--- DATA SECTION ---
===
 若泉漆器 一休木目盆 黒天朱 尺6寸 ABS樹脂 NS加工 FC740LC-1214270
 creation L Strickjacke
===
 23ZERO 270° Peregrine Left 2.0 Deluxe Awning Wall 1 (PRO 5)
===
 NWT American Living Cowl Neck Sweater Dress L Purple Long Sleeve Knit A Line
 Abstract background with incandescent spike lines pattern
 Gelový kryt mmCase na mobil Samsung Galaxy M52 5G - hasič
===
--- WHAT YOU WILL DO ---
Please copy, exactly and with nothing else, the lines above beginning at the line that has "NWT American Living" and ending with the line that has "Gelový kryt mmCase".

--- SOLUTION ---
 NWT American Living Cowl Neck Sweater Dress L Purple Long Sleeve Knit A Line
 Abstract background with incandescent spike lines pattern
 Gelový kryt mmCase na mobil Samsung Galaxy M52 5G - hasič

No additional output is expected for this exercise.